This cover letter explains the reasons behind this proposal, the
changes to the on-disk format, test results and pending work. If you
are curious you can also have a look at previous discussions about
this feature:

   https://lists.gnu.org/archive/html/qemu-block/2017-04/msg00178.html
   https://lists.gnu.org/archive/html/qemu-block/2019-06/msg01155.html

This is the first proper version of the patches, and I believe that
the implementation is complete. However since I'm proposing a change
to the on-disk format I'm labeling this as RFC because I'm expecting
some debate. I'll remove the RFC tag and add more tests in future
revisions.

=== Problem ===

A qcow2 image is divided into units of constant size called clusters,
and among other things it contains metadata that maps guest addresses
to host addresses (the so-called L1 and L2 tables).

There are two basic problems that result from this:

1) Reading from or writing to a qcow2 image involves reading the
   corresponding entry on the L2 table that maps the guest address to
   the host address. This is very slow because it involves two I/O
   operations: one on the L2 table and the other one on the actual
   data cluster.

2) A cluster is the smallest unit of allocation.
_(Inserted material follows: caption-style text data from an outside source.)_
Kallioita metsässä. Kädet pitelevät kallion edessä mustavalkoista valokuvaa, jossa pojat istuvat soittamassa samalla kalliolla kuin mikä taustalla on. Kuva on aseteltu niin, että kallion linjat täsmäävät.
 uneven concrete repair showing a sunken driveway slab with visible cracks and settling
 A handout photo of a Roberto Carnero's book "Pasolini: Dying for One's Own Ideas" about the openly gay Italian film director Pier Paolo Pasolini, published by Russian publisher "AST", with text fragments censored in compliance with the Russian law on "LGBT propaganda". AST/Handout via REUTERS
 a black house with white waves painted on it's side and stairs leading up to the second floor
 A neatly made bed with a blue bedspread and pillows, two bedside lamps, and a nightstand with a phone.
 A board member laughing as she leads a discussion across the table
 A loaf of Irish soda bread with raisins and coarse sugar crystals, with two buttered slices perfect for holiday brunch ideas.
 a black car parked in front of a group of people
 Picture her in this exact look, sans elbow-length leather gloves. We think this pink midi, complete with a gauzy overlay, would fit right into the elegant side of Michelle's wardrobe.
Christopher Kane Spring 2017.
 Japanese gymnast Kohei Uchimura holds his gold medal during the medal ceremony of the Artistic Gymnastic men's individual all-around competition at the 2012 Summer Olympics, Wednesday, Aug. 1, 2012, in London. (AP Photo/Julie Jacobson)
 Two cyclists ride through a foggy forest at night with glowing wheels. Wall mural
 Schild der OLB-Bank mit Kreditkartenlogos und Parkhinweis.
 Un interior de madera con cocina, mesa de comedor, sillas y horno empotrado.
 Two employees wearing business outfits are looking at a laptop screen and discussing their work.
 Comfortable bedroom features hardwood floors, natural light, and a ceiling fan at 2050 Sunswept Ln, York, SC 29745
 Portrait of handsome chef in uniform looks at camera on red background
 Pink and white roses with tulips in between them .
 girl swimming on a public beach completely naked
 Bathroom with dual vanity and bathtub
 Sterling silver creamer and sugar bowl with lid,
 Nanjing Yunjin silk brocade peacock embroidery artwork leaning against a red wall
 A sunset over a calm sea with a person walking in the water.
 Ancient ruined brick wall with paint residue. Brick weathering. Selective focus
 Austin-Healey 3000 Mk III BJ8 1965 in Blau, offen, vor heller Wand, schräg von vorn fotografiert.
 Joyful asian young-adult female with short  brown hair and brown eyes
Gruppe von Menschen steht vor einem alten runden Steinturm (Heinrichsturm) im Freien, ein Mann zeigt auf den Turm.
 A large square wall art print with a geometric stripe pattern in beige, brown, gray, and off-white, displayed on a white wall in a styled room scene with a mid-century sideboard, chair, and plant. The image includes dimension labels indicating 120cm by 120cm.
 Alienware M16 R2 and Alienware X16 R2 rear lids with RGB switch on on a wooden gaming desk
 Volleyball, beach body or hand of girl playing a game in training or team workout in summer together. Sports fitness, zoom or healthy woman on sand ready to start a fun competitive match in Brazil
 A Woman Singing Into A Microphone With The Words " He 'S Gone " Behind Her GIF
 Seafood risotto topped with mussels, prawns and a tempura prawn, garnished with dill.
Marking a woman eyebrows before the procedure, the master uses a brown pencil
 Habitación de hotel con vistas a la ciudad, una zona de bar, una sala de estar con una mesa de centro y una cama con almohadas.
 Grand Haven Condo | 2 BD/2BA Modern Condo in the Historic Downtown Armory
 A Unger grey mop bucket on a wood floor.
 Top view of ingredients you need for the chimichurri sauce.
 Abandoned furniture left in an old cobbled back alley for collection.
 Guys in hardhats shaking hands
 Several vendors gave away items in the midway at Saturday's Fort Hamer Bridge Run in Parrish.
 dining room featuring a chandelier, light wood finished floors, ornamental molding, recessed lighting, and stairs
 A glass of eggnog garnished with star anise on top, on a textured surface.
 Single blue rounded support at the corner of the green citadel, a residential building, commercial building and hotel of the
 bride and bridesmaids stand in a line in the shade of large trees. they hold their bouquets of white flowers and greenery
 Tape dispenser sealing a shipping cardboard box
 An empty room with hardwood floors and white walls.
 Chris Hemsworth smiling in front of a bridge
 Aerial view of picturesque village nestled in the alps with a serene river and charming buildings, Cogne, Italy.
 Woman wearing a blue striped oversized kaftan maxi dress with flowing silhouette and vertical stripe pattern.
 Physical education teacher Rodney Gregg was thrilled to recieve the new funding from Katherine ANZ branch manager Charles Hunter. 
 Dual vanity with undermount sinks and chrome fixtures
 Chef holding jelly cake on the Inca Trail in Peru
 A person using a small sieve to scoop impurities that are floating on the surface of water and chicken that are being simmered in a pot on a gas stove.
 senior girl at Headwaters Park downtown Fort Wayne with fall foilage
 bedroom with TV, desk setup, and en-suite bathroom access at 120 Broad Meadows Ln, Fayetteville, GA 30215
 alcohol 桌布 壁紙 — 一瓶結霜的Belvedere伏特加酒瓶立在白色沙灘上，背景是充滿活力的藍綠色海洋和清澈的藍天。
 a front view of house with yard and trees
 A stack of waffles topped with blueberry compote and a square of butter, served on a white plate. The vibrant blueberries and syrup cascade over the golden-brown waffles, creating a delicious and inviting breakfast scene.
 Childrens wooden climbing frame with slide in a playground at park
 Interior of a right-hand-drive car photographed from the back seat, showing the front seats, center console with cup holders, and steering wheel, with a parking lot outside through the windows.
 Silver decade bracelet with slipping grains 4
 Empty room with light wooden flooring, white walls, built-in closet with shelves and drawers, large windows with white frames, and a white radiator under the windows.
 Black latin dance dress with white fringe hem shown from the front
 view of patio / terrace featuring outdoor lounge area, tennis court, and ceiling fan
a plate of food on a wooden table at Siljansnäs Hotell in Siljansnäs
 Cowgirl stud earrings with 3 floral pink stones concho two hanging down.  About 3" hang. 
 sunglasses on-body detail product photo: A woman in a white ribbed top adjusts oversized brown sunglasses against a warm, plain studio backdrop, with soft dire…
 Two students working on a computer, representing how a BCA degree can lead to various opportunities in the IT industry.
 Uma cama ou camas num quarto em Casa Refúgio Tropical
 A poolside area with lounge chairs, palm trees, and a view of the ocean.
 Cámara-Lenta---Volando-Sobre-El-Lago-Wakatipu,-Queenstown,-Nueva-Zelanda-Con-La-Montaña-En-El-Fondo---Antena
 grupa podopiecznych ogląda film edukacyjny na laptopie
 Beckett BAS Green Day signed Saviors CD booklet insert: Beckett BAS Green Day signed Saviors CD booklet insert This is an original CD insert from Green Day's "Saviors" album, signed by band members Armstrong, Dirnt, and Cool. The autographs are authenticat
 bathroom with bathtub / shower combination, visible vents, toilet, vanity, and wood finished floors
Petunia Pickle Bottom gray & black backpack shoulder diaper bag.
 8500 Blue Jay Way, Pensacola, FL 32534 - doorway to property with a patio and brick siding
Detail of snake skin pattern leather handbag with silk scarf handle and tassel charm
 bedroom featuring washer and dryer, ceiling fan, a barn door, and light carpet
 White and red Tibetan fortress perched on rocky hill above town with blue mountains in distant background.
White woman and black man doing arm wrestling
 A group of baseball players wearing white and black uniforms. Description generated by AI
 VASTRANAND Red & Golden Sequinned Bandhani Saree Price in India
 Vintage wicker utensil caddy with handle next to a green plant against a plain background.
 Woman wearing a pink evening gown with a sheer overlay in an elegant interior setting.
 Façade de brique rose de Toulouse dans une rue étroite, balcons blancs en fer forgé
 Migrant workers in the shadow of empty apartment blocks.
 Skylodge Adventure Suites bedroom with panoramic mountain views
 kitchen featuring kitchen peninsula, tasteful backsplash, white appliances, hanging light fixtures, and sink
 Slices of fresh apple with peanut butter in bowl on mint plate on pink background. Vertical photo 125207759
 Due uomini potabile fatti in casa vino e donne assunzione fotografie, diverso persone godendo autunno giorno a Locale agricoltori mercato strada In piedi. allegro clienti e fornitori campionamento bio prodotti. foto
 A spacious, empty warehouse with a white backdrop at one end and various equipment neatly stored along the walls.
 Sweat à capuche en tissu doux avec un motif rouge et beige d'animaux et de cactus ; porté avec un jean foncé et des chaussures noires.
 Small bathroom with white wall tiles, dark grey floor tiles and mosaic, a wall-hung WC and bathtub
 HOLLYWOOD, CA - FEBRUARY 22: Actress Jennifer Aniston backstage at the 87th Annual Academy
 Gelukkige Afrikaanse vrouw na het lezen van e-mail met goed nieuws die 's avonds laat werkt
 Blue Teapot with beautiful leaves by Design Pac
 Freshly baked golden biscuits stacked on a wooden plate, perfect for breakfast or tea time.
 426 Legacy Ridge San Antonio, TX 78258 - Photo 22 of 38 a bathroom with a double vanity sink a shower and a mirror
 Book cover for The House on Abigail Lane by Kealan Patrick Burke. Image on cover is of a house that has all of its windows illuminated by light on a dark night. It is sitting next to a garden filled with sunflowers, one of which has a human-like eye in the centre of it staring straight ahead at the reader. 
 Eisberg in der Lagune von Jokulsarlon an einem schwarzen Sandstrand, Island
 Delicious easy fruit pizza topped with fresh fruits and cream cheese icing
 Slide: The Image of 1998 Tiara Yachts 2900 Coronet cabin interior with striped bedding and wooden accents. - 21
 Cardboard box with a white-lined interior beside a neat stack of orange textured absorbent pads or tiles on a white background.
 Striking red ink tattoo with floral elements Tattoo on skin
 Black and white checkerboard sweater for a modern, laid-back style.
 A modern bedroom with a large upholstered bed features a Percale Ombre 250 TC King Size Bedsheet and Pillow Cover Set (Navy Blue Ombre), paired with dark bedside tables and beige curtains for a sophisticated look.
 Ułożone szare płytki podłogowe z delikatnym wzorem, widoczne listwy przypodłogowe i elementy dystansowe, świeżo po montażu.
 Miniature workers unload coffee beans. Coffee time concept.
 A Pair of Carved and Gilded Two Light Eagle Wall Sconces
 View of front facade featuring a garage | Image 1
Therefore writing a
   mere 512 bytes to an empty disk requires allocating a complete
   cluster and filling it with zeroes (or with data from the backing
   image if there is one). This wastes more disk space and also has a
   negative impact on I/O.

Problem (1) can be solved by caching the L2 tables in memory. The
maximum amount of disk space used by L2 tables depends on the virtual
disk size and the cluster size:

   max_l2_size = virtual_disk_size * 8 / cluster_size

Because of this, the only way to reduce the size of the L2 tables is
by increasing the cluster size (which can be any power of two between
512 bytes and 2 MB). But then we hit problem (2): I/O is slower and
more disk space is wasted.

=== The proposal ===

The proposal is to extend the qcow2 format by allowing subcluster
allocation. The on-disk format remains essentially the same, except
that each data cluster is internally divided into 32 subclusters of
equal size.

The way it works in practice is with a new optional feature called
"Extended L2 Entries", that needs to be enabled when an image is
created. With this, each entry on an L2 table is accompanied by a
bitmap indicating the allocation state of each one of the subclusters
for that cluster. The size of an L2 entry doubles from 64 to 128 bits.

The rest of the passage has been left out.